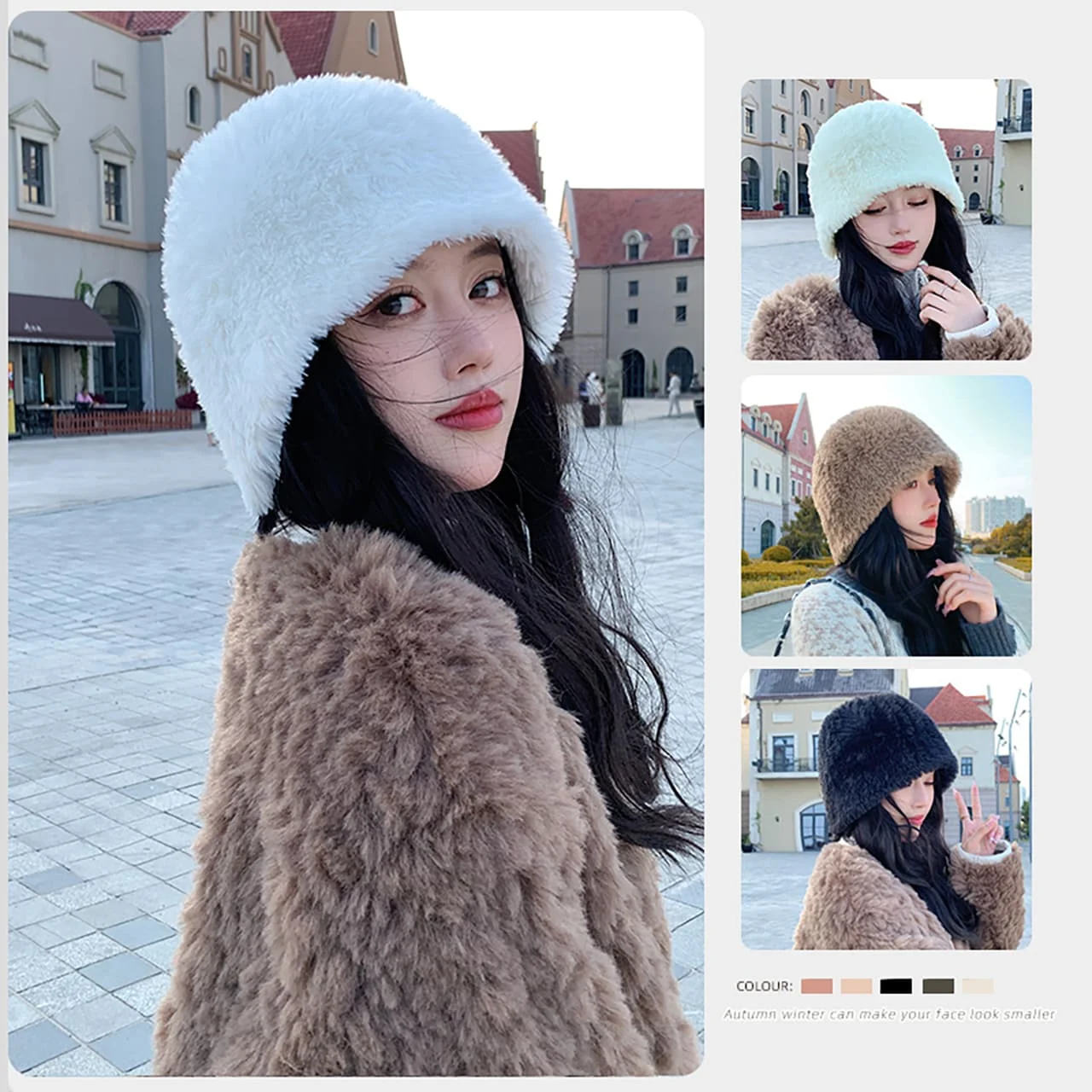 قبعة دلو شتوية من القطيفة للنساء سميكة ودافئة من الفرو المنفوش قبعة صياد كورية بلون سادة مريحة بنما #2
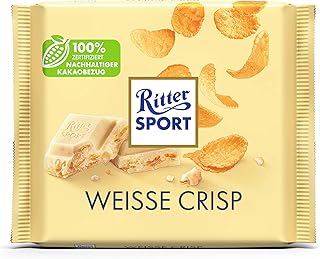 Ritter Sport Weisse Crisp 100 g, weiße Schokolade mit Crisp und Vanille-Note, verfeinert mit Cornflakes und Reis-Flakes, T...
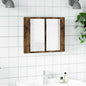 LED mirror cabinet smoked oak wood 60x12x45 cm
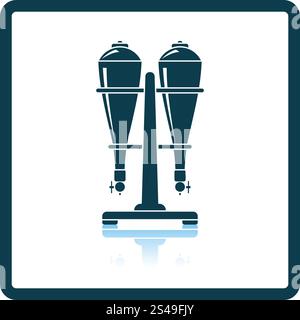 Soda siphon equipment icon. Shadow reflection design. Vector illustration. Stock Vector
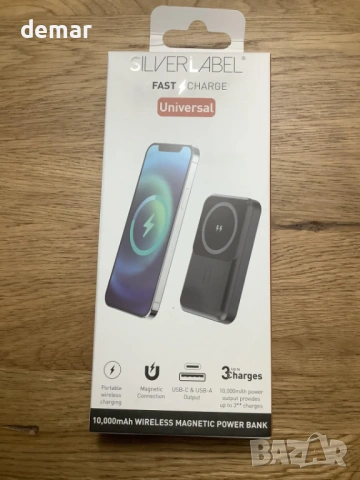 SilverLabel 10 000mAh безжична магнитна външна батерия, снимка 4 - Външни батерии - 54448014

:: Problem details ::
Pictures aside, reproduce exactly the lines from the one containing "Ritter Sport Weisse" to the end of the listing above, both ends included.

:: Written reply ::
 Ritter Sport Weisse Crisp 100 g, weiße Schokolade mit Crisp und Vanille-Note, verfeinert mit Cornflakes und Reis-Flakes, T...
 LED mirror cabinet smoked oak wood 60x12x45 cm
 Soda siphon equipment icon. Shadow reflection design. Vector illustration. Stock Vector
 SilverLabel 10 000mAh безжична магнитна външна батерия, снимка 4 - Външни батерии - 54448014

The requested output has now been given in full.